2. A method of predicting high pressure physical properties of a hydrocarbon reservoir fluid as recited in claim 1, wherein: in step 3, the s sets of training set m and validation set p are obtained using a cross validation method.
3. A method of predicting high pressure physical properties of a hydrocarbon reservoir fluid as recited in claim 1, wherein: in step 3, training set m is composed of formation fluid components in m samples, and validation set p is composed of formation fluid high pressure physical parameters in p samples.
4. A method of predicting high pressure physical properties of a hydrocarbon reservoir fluid as recited in claim 1, wherein: in step 4, a reservoir fluid high pressure physical property parameter prediction model is established based on XGBoost.
5. A method of predicting high pressure physical properties of a hydrocarbon reservoir fluid as recited in claim 1, wherein: in step 4, the output results are the formation crude oil viscosity, the formation crude oil density, the saturation pressure and the volume coefficient.

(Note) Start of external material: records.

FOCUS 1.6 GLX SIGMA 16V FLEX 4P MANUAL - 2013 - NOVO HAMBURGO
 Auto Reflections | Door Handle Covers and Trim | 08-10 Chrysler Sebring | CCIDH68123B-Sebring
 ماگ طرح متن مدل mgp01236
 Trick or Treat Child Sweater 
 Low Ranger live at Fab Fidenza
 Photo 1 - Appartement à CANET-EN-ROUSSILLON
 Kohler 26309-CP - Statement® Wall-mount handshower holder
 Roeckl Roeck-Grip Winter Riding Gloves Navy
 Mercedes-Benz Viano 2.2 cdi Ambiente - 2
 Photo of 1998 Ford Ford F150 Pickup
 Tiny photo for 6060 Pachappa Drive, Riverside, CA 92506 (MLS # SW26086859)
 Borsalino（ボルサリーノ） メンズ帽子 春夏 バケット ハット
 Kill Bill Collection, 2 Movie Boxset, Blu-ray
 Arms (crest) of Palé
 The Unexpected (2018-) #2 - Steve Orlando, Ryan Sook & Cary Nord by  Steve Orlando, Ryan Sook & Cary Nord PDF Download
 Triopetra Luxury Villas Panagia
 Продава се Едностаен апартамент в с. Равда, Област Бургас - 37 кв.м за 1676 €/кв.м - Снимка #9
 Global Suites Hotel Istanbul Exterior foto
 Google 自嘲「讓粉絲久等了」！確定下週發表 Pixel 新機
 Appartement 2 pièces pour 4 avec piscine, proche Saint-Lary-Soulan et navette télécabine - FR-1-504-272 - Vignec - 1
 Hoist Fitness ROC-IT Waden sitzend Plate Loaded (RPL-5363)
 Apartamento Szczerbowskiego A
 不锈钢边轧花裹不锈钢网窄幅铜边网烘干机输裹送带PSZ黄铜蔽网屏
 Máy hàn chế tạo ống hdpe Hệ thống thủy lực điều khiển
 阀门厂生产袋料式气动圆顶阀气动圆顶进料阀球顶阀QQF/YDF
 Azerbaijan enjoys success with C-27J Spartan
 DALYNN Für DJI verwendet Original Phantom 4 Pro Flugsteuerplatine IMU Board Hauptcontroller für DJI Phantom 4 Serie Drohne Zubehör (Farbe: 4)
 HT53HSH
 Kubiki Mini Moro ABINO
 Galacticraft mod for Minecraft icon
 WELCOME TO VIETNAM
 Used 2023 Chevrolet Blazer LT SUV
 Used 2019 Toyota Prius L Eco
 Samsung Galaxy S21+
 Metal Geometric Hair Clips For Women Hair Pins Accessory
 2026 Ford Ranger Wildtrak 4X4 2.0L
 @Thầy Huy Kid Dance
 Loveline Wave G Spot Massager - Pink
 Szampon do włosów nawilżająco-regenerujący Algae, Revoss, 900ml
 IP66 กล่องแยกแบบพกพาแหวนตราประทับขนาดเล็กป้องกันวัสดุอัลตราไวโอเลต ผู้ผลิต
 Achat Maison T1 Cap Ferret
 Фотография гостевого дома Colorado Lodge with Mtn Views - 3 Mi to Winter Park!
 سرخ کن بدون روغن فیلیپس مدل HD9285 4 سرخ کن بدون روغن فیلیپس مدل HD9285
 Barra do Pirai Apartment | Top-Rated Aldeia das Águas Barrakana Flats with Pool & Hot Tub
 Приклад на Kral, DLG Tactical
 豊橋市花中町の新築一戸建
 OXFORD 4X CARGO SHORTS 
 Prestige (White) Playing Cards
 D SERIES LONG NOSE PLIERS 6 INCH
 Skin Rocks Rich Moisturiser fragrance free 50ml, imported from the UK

6. A method of predicting high pressure physical properties of a hydrocarbon reservoir fluid as recited in claim 1, wherein: the verification set in the step 5 is in the same group as the training set in the step 6, so that the error comparison is ensured to be effective.
7. Use of a method for predicting a high pressure physical property parameter of a hydrocarbon reservoir fluid as claimed in any one of claims 1 to 6 in predicting a high pressure physical property parameter of a hydrocarbon reservoir fluid.